Now we have several banks and investment houses out thousands of dollars that they lent to the “shoe shiners” and other average people with no chance of ever recovering this money. This caused banks to literally close their doors and everything from small life savings to fortunes were lost by millions of people and corporations. Even the people who were responsible with money lost everything they had because the banks were irresponsible with the assets of these depositors.

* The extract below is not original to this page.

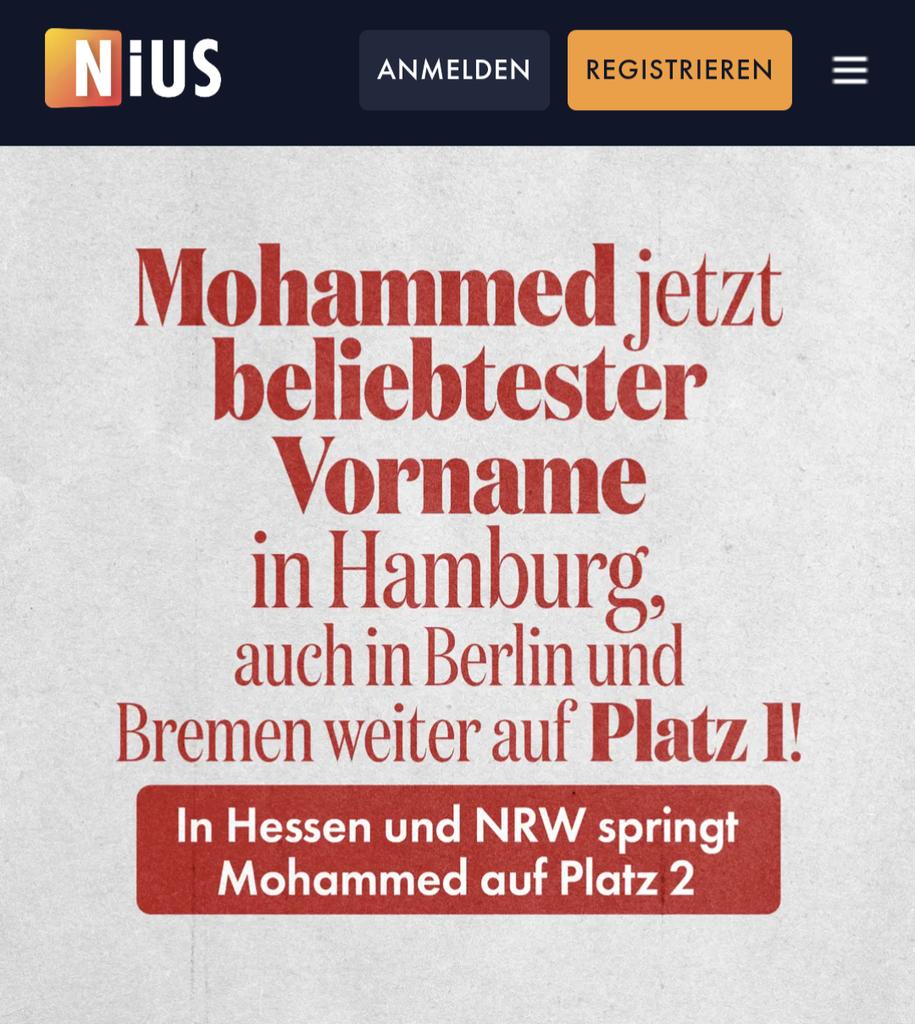In Hamburg ist 'Mohammed' jetzt der beliebteste Vorname für Jungs, ein Jahr zuvor war er noch nicht mal in den Top 3. In NRW und Hessen springt Mohammed auf Platz 2. nius.de/gesellschaft/m…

Next, the corporations who lost millions because the stock price tanked had to do something to increase profits, so they simply “cut the fat.” They lay off thousands and thousands of people. Now millions were out of work, leading to less money flowing into the economy, lowering sales estimates for many companies, causing demand for everything to go down, causing prices to go down, causing more losses, causing more fat to be cut and the vicious cycle continued until there was a recession and then a depression! A depression, as it is defined, is a severe economic downturn that lasts several years.
In July 1929 the Dow Jones industrial average closed just at the peak of about 347.47 dollars. Then it all came to an end. In December 1932 it was about 59 dollars. That is about an 84% loss in value. Imagine that! That means, in today’s economy, the stock market which peaked in 2007 at about 14,000 dollars would be at about 2,100 dollars.